Olaf Olaffson ABD'de yaşayan İzlandalı bir yazar ve İzlanda edebiyatının en önde gelen yaşayan isimlerinden biri sayılıyor. Maalesef bizde sadece bir kitabı, "Geceye Yürümek" Türkçe'ye çevrilmiş, 2012'de yayınlanmış ve sahaflar dışında bu kitabı bulabilmek artık imkansız çünkü hiçbir kitabevinin stoğunda da kalmış değil.

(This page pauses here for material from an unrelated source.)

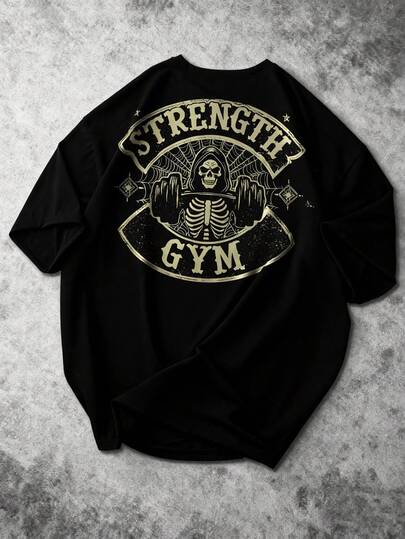 Sport MetroGents Tricou sport casual pentru bărbați cu imprimeu de craniu și litere, vară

Bu üzüntü verici duruma rağmen, 2016'daki son kitap tavsiyemi "Geceye Yürümek" ile yapmak istedim. Zira, Olaffson çok etkileyici bir üsluba sahip, zamandan, mekandan ve hatta seçtiği konunun ilginçliğinden bağımsız, okuru sürükleyen, içine alan bir tarzı var. Kitaplarının hiçbiri tekrar niteliğinde değil, ama buna rağmen, yazarın adını gizleseler, okuduğunuzda onun kaleminden çıktığını anlayacağınız kadar "nev-i şahsına münhasır" bir üslupla kağıda döküyor eserlerini: hep bir gizem ama ipuçlarıyla dolu ve tahmin edebildiğiniz ama tahmin edebiliyor olmaktan rahatsız olmadığınız bir gizem; hep bir zamanda ileri gidiş-geliş, hatta kimi kez kafa karıştırabilen ama yine de keyifli bir zaman yolculuğu ve hep bir gür iç ses, günlük konuşmaların arasında hiç eğreti durmayan...

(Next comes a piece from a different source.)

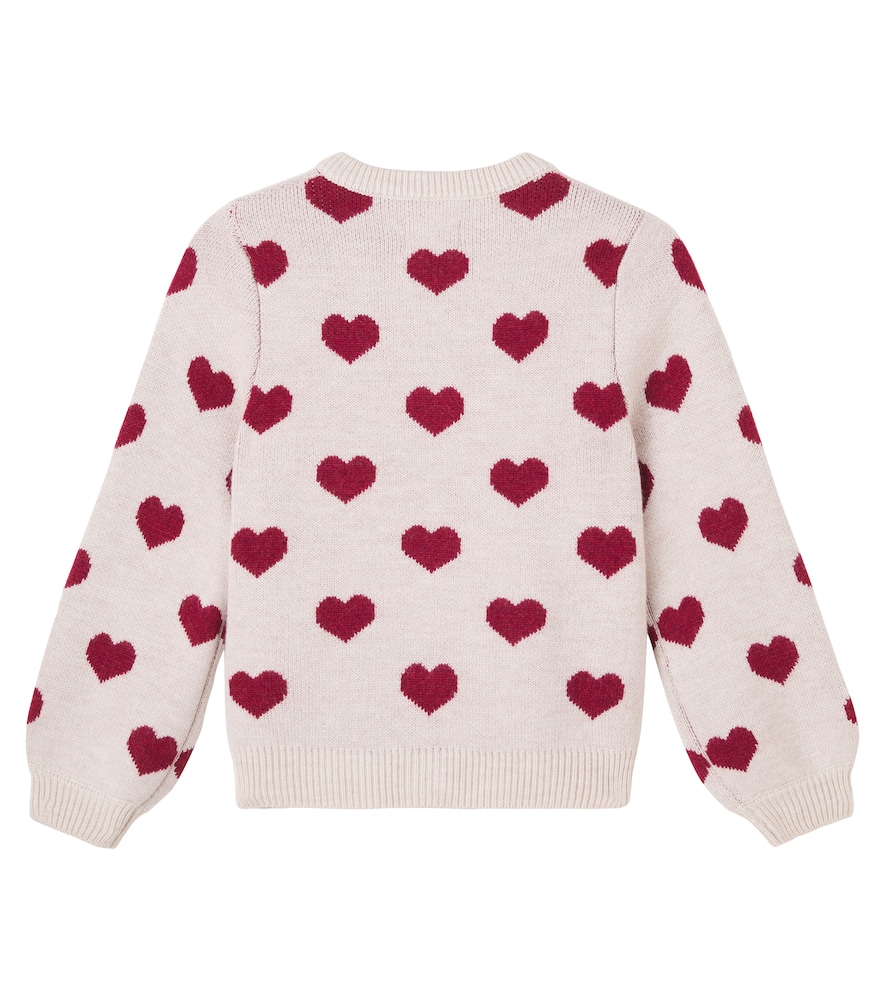 Wheat Hearts Jacquard Wool Cardigan In Multi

Geceye Yürümek de işte bu özelliklerin hepsini taşıyan bir roman. ABD'de 1929 ekonomik krizi öncesinde bir malikanede sadık, ketum ve kusursuz bir kahya olarak çalışan kahramanımız, aslında, kendi kendine bile itiraf edemediği bir şekilde, İzlanda'da bıraktığı geçmişinin izlerini kapatmaya çalışmaktadır. Ama gerçeklerin her zaman ortaya çıkmak gibi kötü bir alışkanlığı olması, onun bu çabalarını sonuçsuz kılacaktır ve romanın herbir satırı bize bunu hissettirmektedir.

İngilizce kitap tercihiniz varsa, bence Olaf Olafsson'un eserlerinin Türkçe'ye çevrilmesini beklemeyin, hemen edinin bu İzlandalının eserlerini... Çok beğeneceğiniz ve hatta bağlanacağınız yeni bir yazar tanımış olacaksınız....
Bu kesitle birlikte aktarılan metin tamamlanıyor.